(Beginning of THE RECORDS)
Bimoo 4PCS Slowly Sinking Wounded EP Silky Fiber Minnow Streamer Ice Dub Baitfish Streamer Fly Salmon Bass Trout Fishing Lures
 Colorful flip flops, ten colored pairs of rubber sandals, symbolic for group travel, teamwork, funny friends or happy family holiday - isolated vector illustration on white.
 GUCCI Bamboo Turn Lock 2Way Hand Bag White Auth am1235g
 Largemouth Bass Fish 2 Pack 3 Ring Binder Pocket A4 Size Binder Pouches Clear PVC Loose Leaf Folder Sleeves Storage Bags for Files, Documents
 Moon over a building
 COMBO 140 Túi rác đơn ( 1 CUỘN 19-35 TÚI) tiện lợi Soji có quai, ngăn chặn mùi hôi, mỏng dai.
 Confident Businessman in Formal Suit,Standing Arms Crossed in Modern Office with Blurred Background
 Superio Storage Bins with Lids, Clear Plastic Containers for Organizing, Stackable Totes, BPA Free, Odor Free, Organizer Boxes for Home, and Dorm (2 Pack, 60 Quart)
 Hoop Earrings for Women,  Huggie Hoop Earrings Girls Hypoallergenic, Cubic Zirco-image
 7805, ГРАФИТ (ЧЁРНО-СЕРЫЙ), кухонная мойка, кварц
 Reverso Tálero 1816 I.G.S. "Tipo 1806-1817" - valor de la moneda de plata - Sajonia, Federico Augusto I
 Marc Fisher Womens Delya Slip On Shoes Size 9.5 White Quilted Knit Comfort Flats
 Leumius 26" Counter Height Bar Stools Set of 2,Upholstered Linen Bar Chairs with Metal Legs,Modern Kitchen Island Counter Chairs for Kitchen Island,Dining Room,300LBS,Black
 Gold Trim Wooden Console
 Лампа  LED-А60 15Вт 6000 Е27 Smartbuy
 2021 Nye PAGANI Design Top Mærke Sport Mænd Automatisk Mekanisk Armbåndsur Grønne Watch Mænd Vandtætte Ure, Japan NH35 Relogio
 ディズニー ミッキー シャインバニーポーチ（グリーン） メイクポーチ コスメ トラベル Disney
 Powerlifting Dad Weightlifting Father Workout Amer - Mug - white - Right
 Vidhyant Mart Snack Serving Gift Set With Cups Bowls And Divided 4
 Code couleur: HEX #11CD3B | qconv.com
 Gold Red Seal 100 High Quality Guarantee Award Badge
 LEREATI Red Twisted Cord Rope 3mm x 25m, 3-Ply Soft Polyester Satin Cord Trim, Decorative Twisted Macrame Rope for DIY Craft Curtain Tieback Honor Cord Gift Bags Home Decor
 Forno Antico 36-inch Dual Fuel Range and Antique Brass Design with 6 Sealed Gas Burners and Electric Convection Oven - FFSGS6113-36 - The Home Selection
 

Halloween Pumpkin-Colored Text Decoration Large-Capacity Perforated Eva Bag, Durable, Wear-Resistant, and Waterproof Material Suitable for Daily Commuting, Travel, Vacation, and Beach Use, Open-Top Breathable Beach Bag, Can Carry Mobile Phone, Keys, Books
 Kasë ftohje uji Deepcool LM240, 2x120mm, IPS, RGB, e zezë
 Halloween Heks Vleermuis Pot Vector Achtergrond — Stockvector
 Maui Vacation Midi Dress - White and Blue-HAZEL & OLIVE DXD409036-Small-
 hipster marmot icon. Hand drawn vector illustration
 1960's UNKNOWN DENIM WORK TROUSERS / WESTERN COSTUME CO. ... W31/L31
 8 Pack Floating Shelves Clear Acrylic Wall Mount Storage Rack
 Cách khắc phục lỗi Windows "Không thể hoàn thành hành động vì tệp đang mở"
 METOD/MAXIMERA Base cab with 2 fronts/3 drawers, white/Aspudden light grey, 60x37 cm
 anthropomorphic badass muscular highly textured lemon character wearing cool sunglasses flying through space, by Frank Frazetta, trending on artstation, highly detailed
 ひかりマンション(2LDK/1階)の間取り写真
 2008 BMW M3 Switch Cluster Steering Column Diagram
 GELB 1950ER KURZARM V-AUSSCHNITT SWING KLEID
(End of THE RECORDS)
(AIM OF THE EXERCISE)
For the word "Storage", please say how many lines in the entries hold it, with only the number as the reply.

(RESPONSE BOX)
3